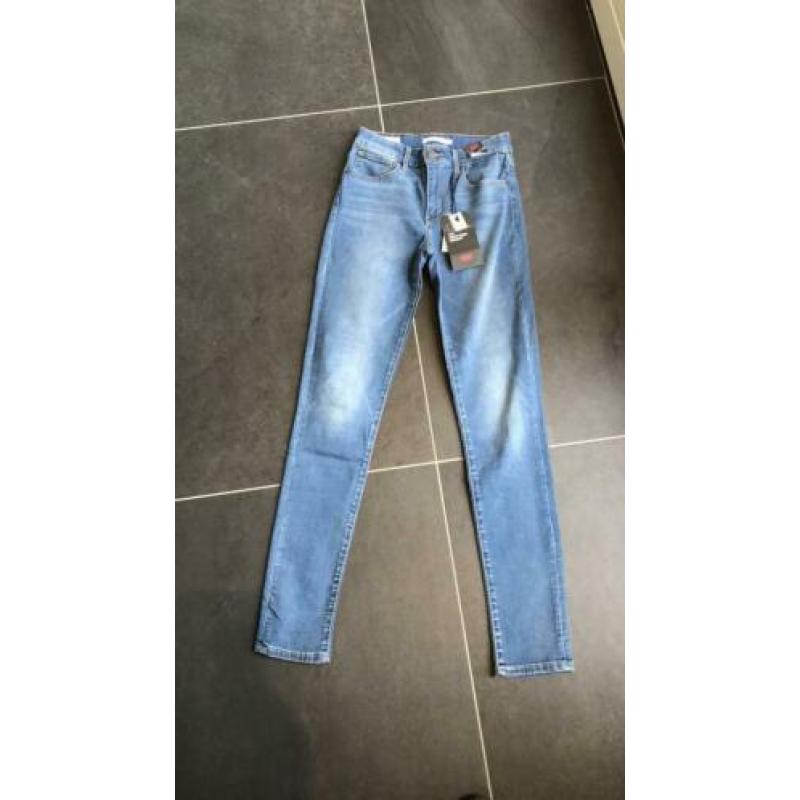 Levi’s 721 high Rise skinny. Maat 27/ 32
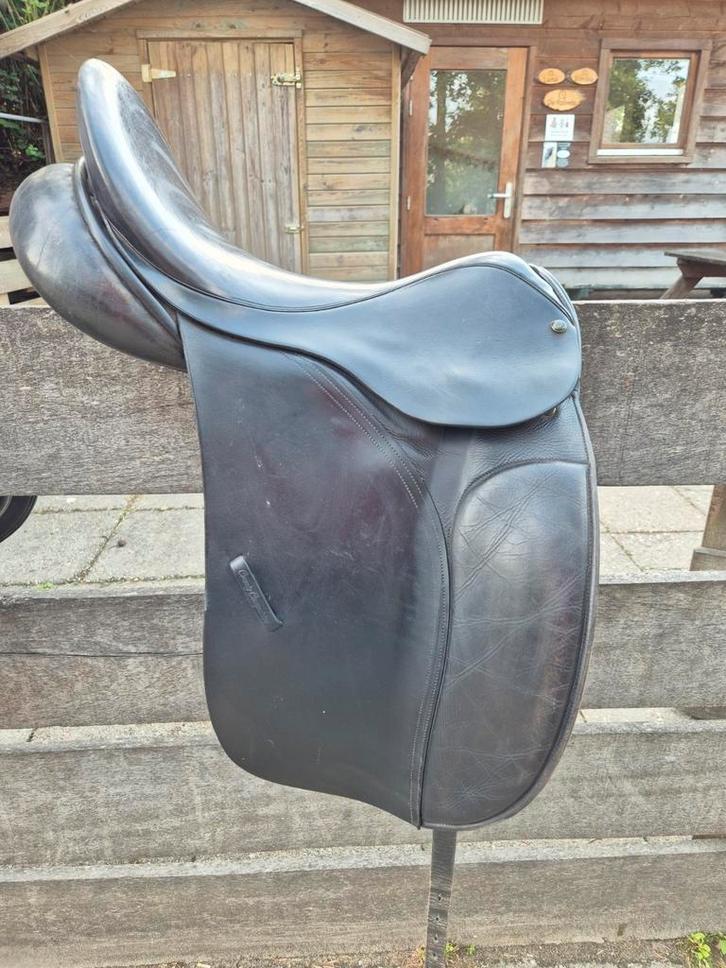 !2 dressuurzadel County Competitor 2000 19 inch M & 17 1/5 W, Dieren en Toebehoren, Paarden en Pony's | Zadels, Zo goed als nieuw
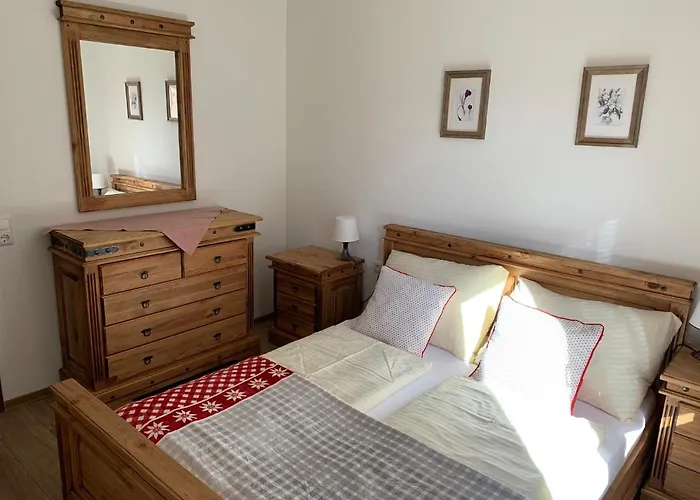 בית הארחה & Waldkrieber 3*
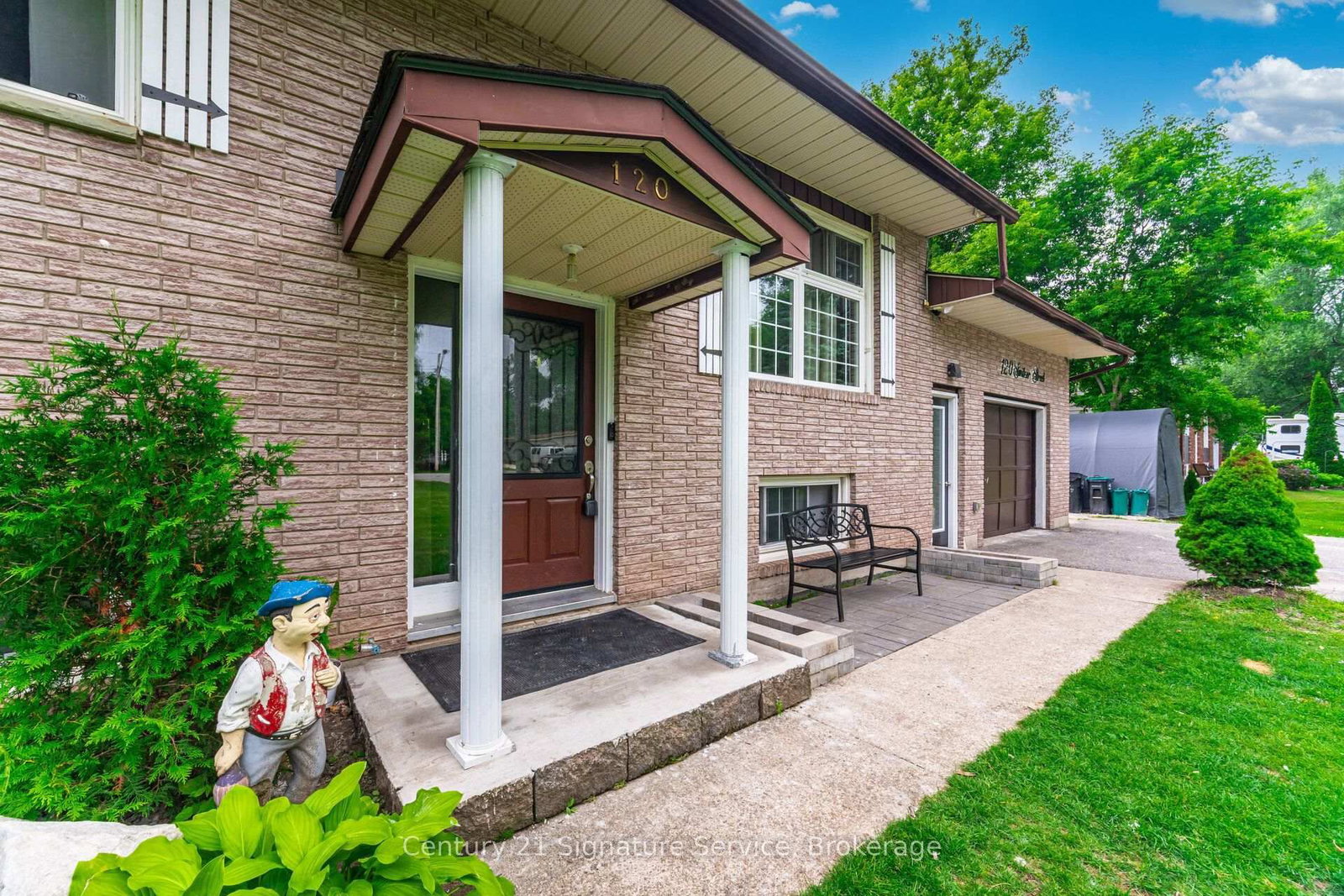 Listing Image 4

________

Whenever you reach a picture, pass over it; print all the other material exactly.

**Output for this exercise**.
 Levi’s 721 high Rise skinny. Maat 27/ 32
 !2 dressuurzadel County Competitor 2000 19 inch M & 17 1/5 W, Dieren en Toebehoren, Paarden en Pony's | Zadels, Zo goed als nieuw
 בית הארחה & Waldkrieber 3*
 Listing Image 4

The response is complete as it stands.